=== Begin Enclosure ===

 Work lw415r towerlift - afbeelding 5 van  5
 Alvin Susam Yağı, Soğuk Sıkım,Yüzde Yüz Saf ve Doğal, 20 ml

=== End Enclosure ===
=== Begin Enclosure ===

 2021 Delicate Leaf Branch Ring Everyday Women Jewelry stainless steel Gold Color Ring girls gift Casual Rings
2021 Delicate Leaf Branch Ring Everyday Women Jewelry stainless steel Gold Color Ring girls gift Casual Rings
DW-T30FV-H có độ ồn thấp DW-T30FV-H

=== End Enclosure ===

[Requirement]
Report each line of the data that includes the string "steel".

[Response to the exercise]
 2021 Delicate Leaf Branch Ring Everyday Women Jewelry stainless steel Gold Color Ring girls gift Casual Rings
2021 Delicate Leaf Branch Ring Everyday Women Jewelry stainless steel Gold Color Ring girls gift Casual Rings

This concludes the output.